LEÇONS ET PROMENADES



Caque année, lorsque l’hiver approchait, vers le mois d’octobre, le marchand de bois envoyait, de Marans, à M. Baude une grande charretée de cosses d’ormeaux, gros troncs de l’arbre qu’on débitait pour en faire de belles haches.

Cet ouvrage très pénible, très dur, nécessitait une main-d’œuvre expérimentée. Car scier du bois n’est rien, mais le fendre avec d’énormes coins de fer à la force du bras, armé d’une grosse mailloche bien emmanchée, est une besogne des plus fatigantes.

Ce travail était exécuté par un brave ouvrier, un petit nègre, nommé Mulot, père d’une nichée de sept ou huit enfants, gros comme des rats, qu’il amenait pour l’aider. Lorsque les cosses étaient sur le pavé, Cyrille, le jeune commis, courait en toute hâte chercher Mulot. Mulot arrivait, et pour quelques francs et une bouteille de vin, le bois était fendu, scié et rangé dans la cave ; le tout prenait quelquefois deux jours. Ces maudits troncs d’arbres sont si longs et si durs à ouvrir !

Tant que durait l’opération, Liette, le nez collé aux vitres, ne perdait pas le moindre détail, s’émerveillant de la patience et de l’endurance dont ce brave travailleur, jamais las, semblait-il, faisait preuve du matin au soir.

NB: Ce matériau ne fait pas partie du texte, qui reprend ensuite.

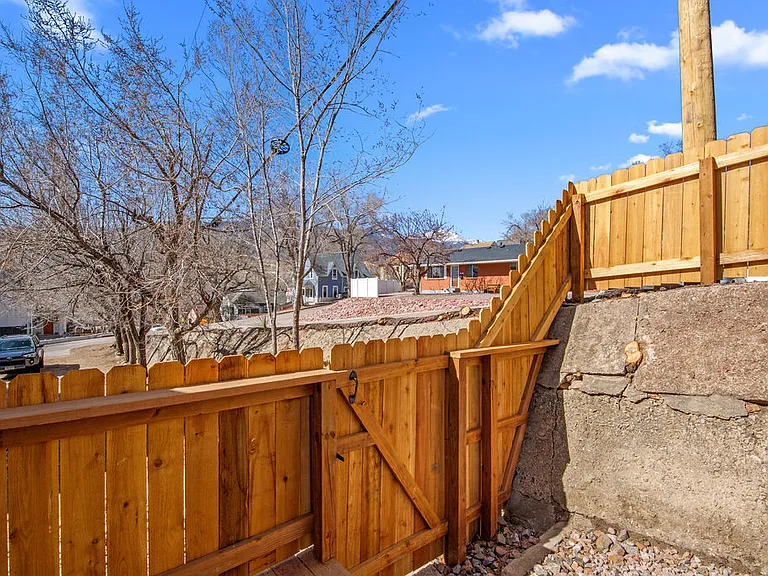 2436 W Kiowa St — Photo 5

Les morceaux de bois étaient portés par les mioches sous la cognée du père. Ah ! il ne les laissait pas chômer. Nom de nom ! Il fallait que tous travaillassent comme lui. L’ainé avait peut-être bien onze ans et le plus jeune trois ou quatre ans à peine. Celui-ci était assis sur les vêtements enlevés dont il avait la garde, et déjà sérieux avec l’idée de sa responsabilité, il ne bronchait pas.

Deux autres, âgés de six ou sept ans, ramassaient les coins, quand ils sautaient dans le ruisseau. Il y avait parfois sept ou huit coins enfoncés ensemble dans un tronc d’arbre, avant que le bois s’écartât de quelques centimètres, et il fallait cogner dur, han !… han !… han !… avant que les efforts parvinssent à l’ouvrir. Dès que le bois craquait, les gamins se précipitaient sur les coins jetés de tous côtés. Ils les réunissaient et les offraient de nouveau à la cognée, qui reprenait son envolée de plus belle.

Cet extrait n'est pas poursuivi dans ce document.